Matt Damon plays Max, a heavily tattooed former criminal trying to get this life back on the straight and narrow, but the Los Angeles of 2154 where he resides makes it difficult. After a run of bad luck he is dealt a deadly dose of radiation while working at his factory job. From here Max’s only chance of survival is to get to Elysium. Conveniently, Max just happens to be on a first name basis with Spider, a mastermind hacker crime boss that has the means to get Max there. After an unpleasant scene were Max is fused to with a robotic exoskeleton all he needs to do to attain his passage is hijack a corrupt official’s brain and download the data to his own.

The dismal picture that Blomkamp paints of our future as a species is grim, although slightly glorified. His Los Angeles 2154 resembles the favelas of current day Rio de Janerio, hardly a fictional dystopia, and although Damon is a pleasure to watch amidst this dystopian fiction, his overall goal of trying to save his own life is not enough to garner sympathy. It is difficult to care about the worth of a single ex-con’s life amidst the pandemonium and violence that everyone around him also suffers.

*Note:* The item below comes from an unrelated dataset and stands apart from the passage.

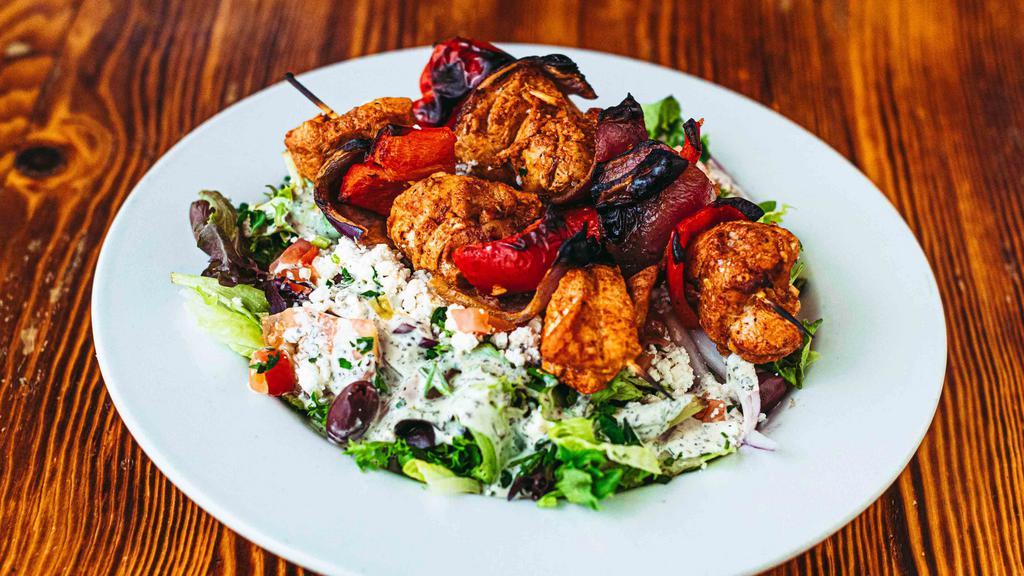 Chicken Breast Kabob Salad · Chicken breast marinated in olive oil, garlic, yogurt, paprika, and lemon. Served with two skewers over mixed greens, cucumbers, tomatoes, onions, feta cheese, and kalamata olives, then topped with our house dressing. GF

This disconnect never really resolves itself despite an attempt: Max ends up trying to save his childhood friend, and her daughter too. It doesn’t work, but it also doesn’t matter. This film is about wholes, big pictures, sums of all things greater than the individual. The technological marvels of Elysium are matched only by the decrepitude of the world that Blomkamp creates. A statement has been made loudly about humanity’s potential trajectory, lest we decide to alter it.